A Geographic Information Systems (GIS) Approach for Estimating Runoff Characteristics for Erosion and Sediment Control Practices in the Southeastern United States

Abstract

Soil discharged from construction sites to nearby waterbodies have a negative impact on water quality and the aquatic ecosystem. Therefore, it is necessary to develop a stormwater pollution prevention plan (SWPPP) in accordance with the National Pollutant Discharge Elimination System (NPDES) Construction General Permit (CGP) requirements. The SWPPP dictates the erosion and sediment control practices to employ on a construction site to minimize the amount of soil leaving the site and entering a waterbody. Runoff characteristics (i.e.,, peak flow rate, total runoff volume, rainfall intensity, etc.) are required when selecting appropriate erosion and sediment control practices.

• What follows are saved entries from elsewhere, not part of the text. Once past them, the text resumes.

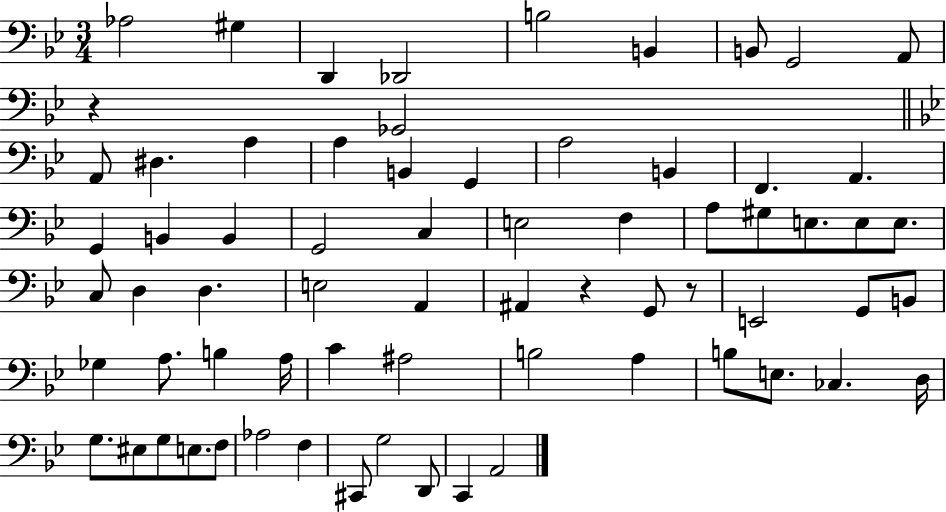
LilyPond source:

{
  \clef bass
  \numericTimeSignature
  \time 3/4
  \key bes \major
  aes2 gis4 | d,4 des,2 | b2 b,4 | b,8 g,2 a,8 | \break r4 ges,2 | \bar "||" \break \key bes \major a,8 dis4. a4 | a4 b,4 g,4 | a2 b,4 | f,4. a,4. | \break g,4 b,4 b,4 | g,2 c4 | e2 f4 | a8 gis8 e8. e8 e8. | \break c8 d4 d4. | e2 a,4 | ais,4 r4 g,8 r8 | e,2 g,8 b,8 | \break ges4 a8. b4 a16 | c'4 ais2 | b2 a4 | b8 e8. ces4. d16 | \break g8. eis8 g8 e8. f8 | aes2 f4 | cis,8 g2 d,8 | c,4 a,2 | \break \bar "|."
}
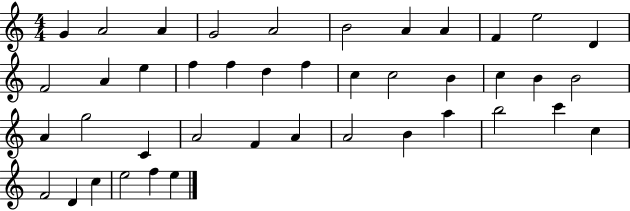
X:1
T:Untitled
M:4/4
L:1/4
K:C
G A2 A G2 A2 B2 A A F e2 D F2 A e f f d f c c2 B c B B2 A g2 C A2 F A A2 B a b2 c' c F2 D c e2 f e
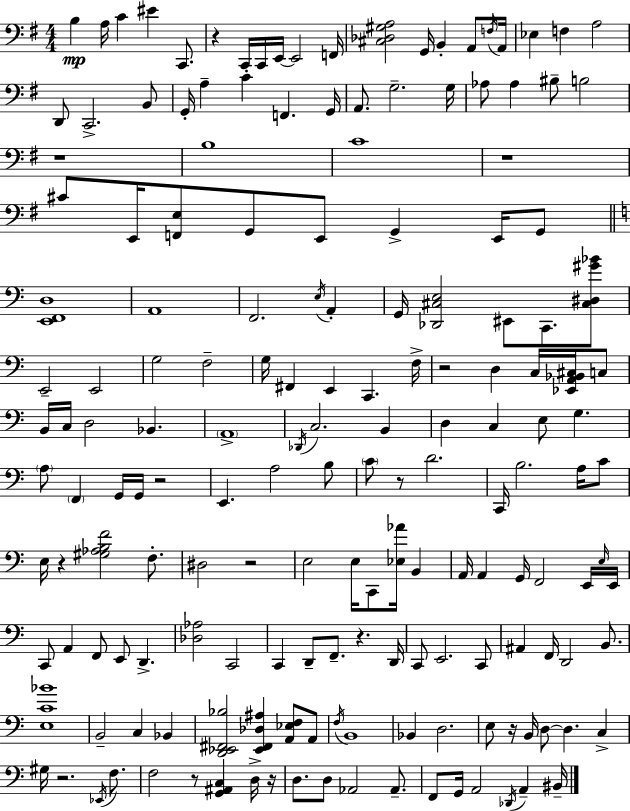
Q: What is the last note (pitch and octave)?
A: BIS2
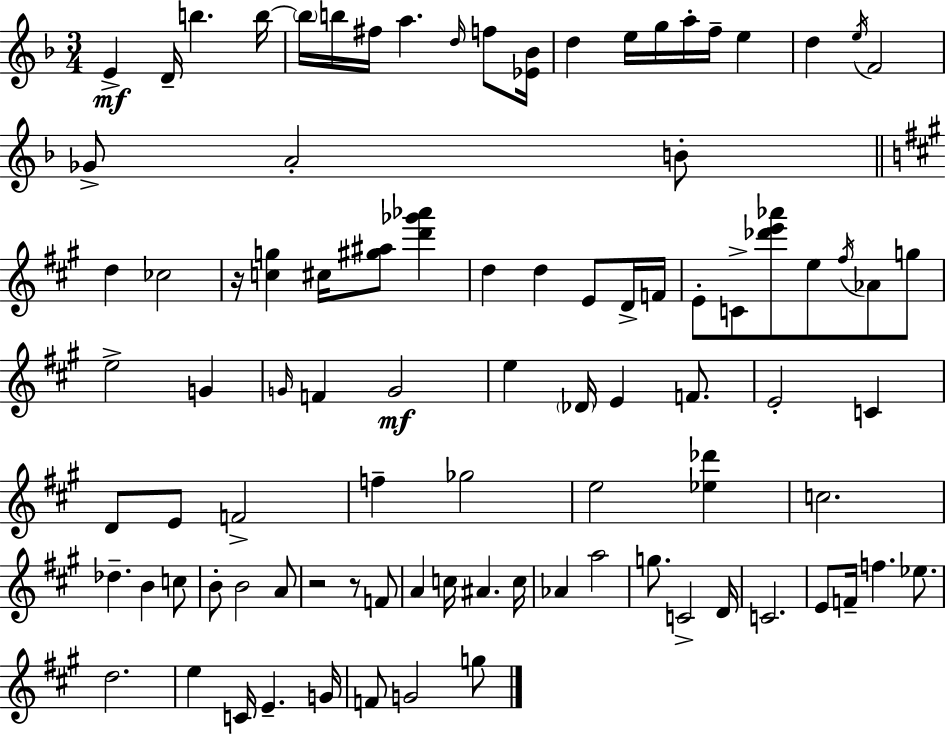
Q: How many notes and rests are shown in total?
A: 92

Various methods (e.g. Rational Method, Hydrograph method and etc.) have been developed to estimate peak flow rate from a watershed. For this study, the Hydrograph method is selected to estimate the peak flow rate from a 1 acre typical highway median drainage basin in Southeastern U.S. The prediction models of runoff characteristic (i.e., peak flow rate, 30/60/90 minute average flow rates, and the 24 hour total runoff volume) are developed for the entire Southeastern U.S. using PondpackTM, ArcGISTM and ExcelTM. After collecting weighted curve number (CNW) and rainfall depth (P) for a 2-yr, 24-hr storm event data for the study area, designers can input collected data into prediction models and calculate project specific runoff characteristics for projects under consideration in the Southeastern U.S.. The prediction models can assist designers to calculate runoff characteristics from a typical highway median drainage basin or develop site-specific prediction models of runoff characteristics with specified procedures introduced later. The prediction models of Southeastern U.S. are proved to be effective when applying on the state of Alabama, therefore, the prediction models for entire Southeastern U.S. can be also used to predict runoff characteristics from individual States located in Southeastern U.S. In addition, by comparing two different rainfall databases (TP-40 and Atlas 14) and the prediction models generated based upon them (the prediction models for TP-40 are cited from Perez). It can be concluded that Atlas 14 rainfall database is more accurate than TP-40 and the data collected from Atlas 14 is under a raster file which can imported directly into GIS, therefore, Atlas 14 is better than TP-40 in this study.